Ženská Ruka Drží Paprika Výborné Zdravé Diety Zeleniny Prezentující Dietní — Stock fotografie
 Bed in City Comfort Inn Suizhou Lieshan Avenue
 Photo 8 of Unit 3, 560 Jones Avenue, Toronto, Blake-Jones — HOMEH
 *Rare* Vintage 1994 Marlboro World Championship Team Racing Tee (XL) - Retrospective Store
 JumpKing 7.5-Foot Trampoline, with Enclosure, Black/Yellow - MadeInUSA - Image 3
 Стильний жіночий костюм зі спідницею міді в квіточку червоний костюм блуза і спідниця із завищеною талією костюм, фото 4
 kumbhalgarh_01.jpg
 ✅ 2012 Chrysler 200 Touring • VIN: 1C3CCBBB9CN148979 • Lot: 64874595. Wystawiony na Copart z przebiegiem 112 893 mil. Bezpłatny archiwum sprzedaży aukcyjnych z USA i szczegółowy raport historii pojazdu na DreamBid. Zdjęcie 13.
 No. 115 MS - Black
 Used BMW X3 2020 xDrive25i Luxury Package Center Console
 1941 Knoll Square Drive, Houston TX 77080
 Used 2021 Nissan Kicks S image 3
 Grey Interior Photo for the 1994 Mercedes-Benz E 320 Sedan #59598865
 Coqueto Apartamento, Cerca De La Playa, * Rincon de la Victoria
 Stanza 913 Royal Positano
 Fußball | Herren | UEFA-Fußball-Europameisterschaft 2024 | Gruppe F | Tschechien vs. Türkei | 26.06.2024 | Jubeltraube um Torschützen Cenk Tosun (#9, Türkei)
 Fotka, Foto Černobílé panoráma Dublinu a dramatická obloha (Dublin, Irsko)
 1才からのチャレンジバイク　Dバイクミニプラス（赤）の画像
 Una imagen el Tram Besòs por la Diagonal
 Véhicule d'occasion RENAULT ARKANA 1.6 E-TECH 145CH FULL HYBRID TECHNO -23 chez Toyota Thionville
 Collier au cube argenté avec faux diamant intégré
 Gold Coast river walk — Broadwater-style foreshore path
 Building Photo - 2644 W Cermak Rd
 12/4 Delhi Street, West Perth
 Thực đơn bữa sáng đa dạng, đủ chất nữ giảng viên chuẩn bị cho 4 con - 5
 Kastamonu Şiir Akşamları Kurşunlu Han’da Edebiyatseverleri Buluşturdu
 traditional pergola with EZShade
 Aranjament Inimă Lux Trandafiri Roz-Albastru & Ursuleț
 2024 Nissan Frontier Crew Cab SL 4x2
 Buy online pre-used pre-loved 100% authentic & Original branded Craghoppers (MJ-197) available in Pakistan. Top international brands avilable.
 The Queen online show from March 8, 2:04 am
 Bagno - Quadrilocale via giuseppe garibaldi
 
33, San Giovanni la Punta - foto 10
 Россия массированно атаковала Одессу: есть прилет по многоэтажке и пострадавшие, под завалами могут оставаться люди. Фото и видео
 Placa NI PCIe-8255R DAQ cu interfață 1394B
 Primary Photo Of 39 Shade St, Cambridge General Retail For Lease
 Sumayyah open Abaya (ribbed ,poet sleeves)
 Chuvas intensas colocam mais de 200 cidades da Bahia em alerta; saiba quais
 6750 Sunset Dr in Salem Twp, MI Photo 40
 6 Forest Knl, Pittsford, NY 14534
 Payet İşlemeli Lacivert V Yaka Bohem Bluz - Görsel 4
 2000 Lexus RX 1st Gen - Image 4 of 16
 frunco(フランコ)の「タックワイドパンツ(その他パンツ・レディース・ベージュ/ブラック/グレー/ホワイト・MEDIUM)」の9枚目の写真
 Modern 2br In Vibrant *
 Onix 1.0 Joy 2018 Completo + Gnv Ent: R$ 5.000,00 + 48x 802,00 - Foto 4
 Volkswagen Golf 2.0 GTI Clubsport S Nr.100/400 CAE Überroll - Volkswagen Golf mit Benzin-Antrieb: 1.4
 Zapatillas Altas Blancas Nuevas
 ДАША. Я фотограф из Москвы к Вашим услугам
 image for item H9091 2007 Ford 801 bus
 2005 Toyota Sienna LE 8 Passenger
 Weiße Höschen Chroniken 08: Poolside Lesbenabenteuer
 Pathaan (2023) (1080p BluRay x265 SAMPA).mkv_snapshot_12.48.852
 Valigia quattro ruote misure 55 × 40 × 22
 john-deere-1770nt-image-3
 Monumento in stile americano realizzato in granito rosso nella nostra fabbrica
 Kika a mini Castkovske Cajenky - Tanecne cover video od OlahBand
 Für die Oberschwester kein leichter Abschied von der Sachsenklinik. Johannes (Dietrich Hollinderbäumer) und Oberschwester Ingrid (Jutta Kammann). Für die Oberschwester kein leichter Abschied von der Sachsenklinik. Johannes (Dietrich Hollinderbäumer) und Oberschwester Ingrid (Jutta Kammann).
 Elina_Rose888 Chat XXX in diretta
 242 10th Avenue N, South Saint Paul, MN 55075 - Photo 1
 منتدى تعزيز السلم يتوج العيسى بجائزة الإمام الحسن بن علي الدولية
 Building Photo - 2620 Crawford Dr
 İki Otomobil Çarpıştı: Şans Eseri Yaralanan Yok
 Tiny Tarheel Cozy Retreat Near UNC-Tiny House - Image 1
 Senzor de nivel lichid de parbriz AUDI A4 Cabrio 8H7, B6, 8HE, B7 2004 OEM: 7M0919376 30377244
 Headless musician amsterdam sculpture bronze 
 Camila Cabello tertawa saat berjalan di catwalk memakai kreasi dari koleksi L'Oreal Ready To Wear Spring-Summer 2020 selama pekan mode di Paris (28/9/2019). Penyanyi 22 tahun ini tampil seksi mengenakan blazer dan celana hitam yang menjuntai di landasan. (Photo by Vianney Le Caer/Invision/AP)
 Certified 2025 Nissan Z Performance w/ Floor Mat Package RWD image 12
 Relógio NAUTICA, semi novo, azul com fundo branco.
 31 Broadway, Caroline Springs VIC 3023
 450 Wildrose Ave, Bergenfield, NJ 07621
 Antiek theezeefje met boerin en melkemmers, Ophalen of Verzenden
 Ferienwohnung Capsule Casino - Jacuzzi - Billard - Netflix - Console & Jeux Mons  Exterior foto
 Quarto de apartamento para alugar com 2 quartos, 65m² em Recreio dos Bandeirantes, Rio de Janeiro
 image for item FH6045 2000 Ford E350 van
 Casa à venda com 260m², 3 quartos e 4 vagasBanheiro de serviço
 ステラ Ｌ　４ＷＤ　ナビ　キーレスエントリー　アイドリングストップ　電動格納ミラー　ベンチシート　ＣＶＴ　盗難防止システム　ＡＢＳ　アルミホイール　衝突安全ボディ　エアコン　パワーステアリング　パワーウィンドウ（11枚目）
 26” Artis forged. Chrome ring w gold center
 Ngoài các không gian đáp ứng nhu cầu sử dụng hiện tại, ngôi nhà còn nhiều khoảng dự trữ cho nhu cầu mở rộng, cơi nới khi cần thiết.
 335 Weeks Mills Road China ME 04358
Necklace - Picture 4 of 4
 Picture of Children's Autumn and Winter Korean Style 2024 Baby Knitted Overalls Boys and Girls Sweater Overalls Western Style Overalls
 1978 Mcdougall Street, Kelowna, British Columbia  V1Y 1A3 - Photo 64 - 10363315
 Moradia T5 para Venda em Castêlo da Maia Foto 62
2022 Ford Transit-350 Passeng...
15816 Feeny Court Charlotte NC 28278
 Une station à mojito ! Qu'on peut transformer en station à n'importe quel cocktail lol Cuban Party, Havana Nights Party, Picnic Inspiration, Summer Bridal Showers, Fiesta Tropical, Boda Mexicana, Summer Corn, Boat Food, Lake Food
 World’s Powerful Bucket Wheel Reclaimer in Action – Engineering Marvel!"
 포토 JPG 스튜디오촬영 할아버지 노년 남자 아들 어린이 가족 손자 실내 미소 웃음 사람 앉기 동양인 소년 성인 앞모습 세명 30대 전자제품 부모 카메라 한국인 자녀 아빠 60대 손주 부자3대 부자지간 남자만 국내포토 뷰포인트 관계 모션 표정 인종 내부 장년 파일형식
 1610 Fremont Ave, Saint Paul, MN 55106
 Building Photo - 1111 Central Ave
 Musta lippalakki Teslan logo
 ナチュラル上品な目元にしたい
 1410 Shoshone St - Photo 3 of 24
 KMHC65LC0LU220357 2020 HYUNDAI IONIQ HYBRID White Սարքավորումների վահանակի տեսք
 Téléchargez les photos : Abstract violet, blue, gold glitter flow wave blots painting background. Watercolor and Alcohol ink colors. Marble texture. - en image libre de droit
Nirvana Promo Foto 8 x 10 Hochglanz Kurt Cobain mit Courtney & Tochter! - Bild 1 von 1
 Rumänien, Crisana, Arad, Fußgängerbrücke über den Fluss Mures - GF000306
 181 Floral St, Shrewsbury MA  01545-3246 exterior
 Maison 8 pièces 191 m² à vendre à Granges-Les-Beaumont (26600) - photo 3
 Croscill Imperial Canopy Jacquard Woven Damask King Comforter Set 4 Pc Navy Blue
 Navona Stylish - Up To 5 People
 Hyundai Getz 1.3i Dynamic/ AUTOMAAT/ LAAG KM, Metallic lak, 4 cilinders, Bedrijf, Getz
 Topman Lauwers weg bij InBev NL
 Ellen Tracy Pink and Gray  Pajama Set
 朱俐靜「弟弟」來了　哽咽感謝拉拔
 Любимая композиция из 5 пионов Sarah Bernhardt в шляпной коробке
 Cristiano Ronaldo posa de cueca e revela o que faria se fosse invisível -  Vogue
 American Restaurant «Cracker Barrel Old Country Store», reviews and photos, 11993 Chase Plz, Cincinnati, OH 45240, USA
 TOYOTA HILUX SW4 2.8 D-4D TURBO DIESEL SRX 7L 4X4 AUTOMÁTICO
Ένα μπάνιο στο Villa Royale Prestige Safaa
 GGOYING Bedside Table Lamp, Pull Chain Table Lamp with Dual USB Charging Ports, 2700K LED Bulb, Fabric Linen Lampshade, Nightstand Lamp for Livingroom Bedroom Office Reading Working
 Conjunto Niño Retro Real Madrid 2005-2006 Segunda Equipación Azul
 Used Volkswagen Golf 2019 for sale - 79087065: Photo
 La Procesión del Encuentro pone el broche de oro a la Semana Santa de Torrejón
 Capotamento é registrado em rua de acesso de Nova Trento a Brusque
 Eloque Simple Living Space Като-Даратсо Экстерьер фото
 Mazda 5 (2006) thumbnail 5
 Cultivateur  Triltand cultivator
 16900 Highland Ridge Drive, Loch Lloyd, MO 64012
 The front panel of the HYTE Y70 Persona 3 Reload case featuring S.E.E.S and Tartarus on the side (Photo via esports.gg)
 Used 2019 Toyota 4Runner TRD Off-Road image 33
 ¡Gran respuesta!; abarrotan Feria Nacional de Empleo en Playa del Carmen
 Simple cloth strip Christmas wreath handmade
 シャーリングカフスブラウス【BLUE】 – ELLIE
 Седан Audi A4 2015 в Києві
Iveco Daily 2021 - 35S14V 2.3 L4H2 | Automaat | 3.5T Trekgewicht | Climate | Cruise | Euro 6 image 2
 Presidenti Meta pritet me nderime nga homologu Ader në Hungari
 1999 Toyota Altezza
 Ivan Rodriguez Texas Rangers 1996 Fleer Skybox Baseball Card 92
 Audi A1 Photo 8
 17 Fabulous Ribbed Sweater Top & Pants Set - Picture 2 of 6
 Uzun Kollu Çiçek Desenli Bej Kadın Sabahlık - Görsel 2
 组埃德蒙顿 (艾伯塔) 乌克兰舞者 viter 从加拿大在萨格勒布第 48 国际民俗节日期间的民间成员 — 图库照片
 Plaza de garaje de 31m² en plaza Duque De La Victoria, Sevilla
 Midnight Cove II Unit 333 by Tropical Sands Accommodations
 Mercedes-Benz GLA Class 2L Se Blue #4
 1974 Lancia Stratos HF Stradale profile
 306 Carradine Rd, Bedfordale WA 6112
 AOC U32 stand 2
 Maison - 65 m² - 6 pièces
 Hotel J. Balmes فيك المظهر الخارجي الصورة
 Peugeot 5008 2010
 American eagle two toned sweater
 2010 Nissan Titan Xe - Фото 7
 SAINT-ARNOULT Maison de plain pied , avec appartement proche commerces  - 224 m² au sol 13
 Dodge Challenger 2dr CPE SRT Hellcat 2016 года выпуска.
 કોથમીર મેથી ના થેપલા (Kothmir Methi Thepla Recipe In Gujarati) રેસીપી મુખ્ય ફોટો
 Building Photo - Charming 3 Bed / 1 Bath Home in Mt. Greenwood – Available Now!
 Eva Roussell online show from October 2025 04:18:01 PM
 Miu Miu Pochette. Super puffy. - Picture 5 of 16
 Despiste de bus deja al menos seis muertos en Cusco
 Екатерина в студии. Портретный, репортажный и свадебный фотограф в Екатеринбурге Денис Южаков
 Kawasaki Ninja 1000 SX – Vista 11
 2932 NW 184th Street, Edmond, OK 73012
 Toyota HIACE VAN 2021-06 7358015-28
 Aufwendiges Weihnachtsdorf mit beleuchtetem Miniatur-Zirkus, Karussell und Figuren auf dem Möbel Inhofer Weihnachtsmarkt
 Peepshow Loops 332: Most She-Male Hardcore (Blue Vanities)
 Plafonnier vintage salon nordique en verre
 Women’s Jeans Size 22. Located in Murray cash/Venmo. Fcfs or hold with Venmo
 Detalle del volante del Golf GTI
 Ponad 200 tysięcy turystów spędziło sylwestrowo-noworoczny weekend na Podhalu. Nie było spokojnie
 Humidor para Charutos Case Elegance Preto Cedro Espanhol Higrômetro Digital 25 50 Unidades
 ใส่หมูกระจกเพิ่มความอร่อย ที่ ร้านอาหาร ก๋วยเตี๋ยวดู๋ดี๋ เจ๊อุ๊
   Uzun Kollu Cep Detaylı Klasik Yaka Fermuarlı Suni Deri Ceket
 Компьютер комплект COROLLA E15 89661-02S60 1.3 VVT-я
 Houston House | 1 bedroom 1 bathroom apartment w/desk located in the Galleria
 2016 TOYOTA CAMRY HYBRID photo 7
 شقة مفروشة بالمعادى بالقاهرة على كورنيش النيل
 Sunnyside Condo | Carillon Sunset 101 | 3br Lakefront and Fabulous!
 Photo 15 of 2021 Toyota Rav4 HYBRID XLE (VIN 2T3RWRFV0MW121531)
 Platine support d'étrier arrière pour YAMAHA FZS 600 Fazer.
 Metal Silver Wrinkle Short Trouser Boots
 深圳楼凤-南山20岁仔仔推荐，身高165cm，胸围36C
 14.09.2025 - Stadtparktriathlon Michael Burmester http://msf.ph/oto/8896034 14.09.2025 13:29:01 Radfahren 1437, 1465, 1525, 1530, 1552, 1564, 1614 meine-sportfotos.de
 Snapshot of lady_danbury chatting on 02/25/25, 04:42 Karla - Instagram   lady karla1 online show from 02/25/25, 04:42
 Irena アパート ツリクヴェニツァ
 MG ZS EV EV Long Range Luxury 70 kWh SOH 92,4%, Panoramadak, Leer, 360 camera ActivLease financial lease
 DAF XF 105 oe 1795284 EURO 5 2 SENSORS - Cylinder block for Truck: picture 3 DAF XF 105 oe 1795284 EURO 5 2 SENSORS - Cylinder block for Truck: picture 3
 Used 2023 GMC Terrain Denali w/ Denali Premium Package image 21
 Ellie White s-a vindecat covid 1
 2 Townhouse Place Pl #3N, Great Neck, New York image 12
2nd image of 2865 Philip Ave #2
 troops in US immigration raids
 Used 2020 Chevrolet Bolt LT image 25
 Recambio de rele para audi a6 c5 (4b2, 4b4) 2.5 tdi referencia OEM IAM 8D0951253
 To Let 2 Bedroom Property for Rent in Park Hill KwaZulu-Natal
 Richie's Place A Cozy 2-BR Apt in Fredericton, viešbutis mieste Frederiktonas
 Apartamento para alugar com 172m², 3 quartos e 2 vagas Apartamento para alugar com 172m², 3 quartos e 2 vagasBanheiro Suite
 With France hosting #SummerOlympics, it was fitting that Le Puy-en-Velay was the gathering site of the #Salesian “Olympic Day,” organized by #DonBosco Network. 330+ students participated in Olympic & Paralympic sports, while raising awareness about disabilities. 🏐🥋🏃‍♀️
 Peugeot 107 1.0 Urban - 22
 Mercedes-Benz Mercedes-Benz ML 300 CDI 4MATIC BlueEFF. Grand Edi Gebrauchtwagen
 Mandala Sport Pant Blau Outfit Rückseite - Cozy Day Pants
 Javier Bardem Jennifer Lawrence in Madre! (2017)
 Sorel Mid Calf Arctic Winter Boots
::::
▶ What the exercise asks
Copy only this part of the entries above: the line with "Kika a mini", the line with "منتدى تعزيز السلم", and the lines between, all exactly as written.

▶ Expected answer
 Kika a mini Castkovske Cajenky - Tanecne cover video od OlahBand
 Für die Oberschwester kein leichter Abschied von der Sachsenklinik. Johannes (Dietrich Hollinderbäumer) und Oberschwester Ingrid (Jutta Kammann). Für die Oberschwester kein leichter Abschied von der Sachsenklinik. Johannes (Dietrich Hollinderbäumer) und Oberschwester Ingrid (Jutta Kammann).
 Elina_Rose888 Chat XXX in diretta
 242 10th Avenue N, South Saint Paul, MN 55075 - Photo 1
 منتدى تعزيز السلم يتوج العيسى بجائزة الإمام الحسن بن علي الدولية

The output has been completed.